In a Chapter 7 bankruptcy, the court appoints a trustee to liquidate assets to pay creditors according to an established priority list. After the assets are gone, the court discharges the debts — the debtor is not on the hook for them. However, the debtor will likely still have to pay alimony, child support, certain government debts, income taxes and federal student loans.
A Chapter 13 bankruptcy is less severe: Debtors create a plan to reorganize their finances and gradually pay back creditors over three to five years. The court must approve the plan, and the debtor will give the monies to a court-appointed trustee, who will distribute them to the creditors according to the plan.
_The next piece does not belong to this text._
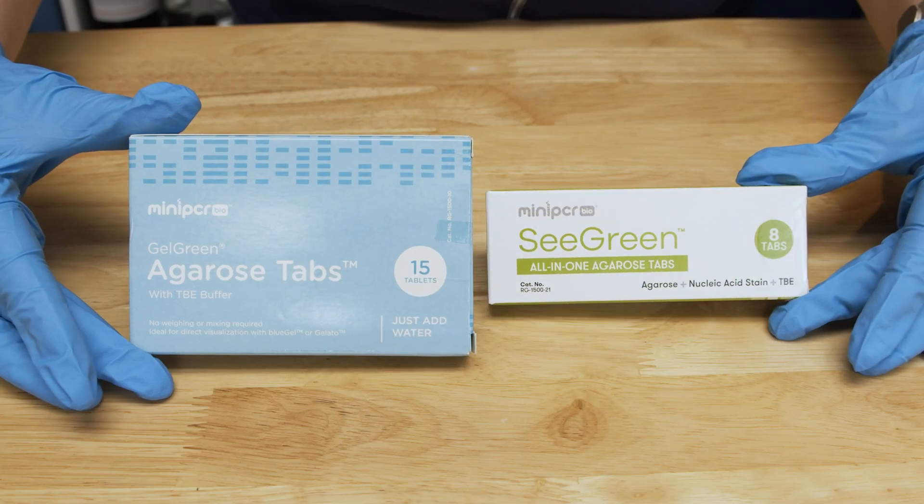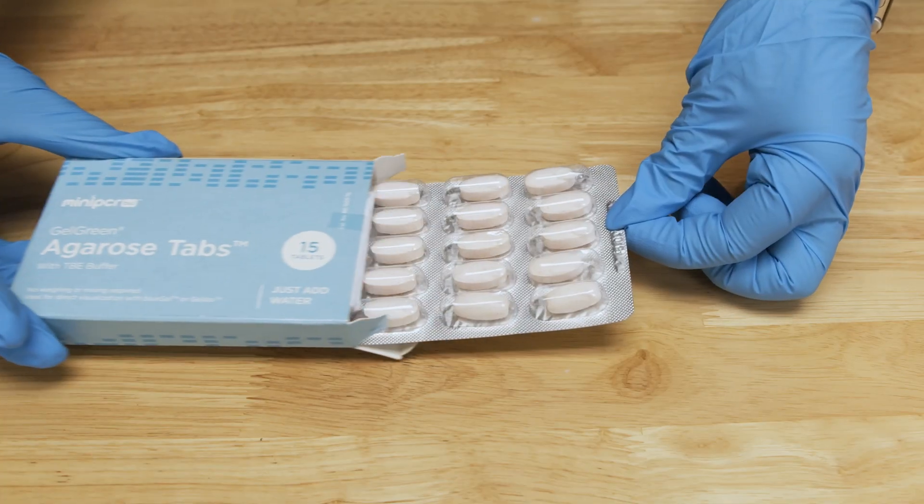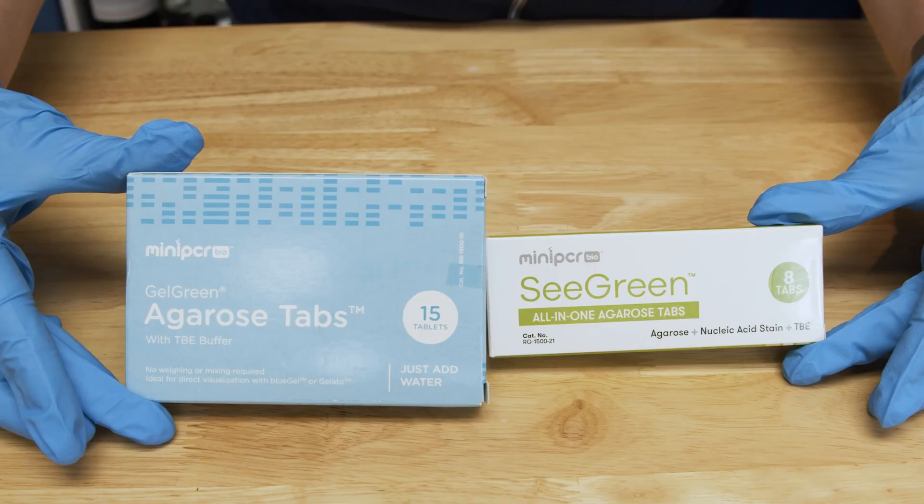Now that the casting platform is set up, we can make our gel. In this example, we will be making a 2% agarose gel. All-in-one agarose tabs, like Sea Green and Gel Green agarose tabs, are the simplest and fastest way to pour gels. Each tab includes the agarose buffer and fluorescent DNA stain to make one 2% agarose gel for use in a blue gel system. You can find detailed instructions on adapting all-in-one tabs to pour gels of other percentages in the description below.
A particular advantage of a Chapter 13 bankruptcy is that it can allow the debtors to retain their homes, if the approved plan includes mortgage payments.
One great advantage of either kind of bankruptcy is that retirement plans are protected. ERISA-governed qualified plans, such as 401(k) plans, are off the table in a bankruptcy proceeding. Debtors can keep them in their entirety. Non-ERISA qualified plans such as IRAs are partially protected — funds under a certain amount (currently about $1.3 million) are safe, but the rest can be used to satisfy debts. Also, debtors who owe back taxes to the government, or alimony or child support, may find the government can seize funds “hidden” in retirement plans.
This is just a summary of a complex process with many rules and exceptions. The bottom line is that debtors are not financial experts and are further hampered by the emotional turmoil that comes with their situation. They should not make any decisions regarding bankruptcy without talking with qualified professionals, who can dispassionately explain their options.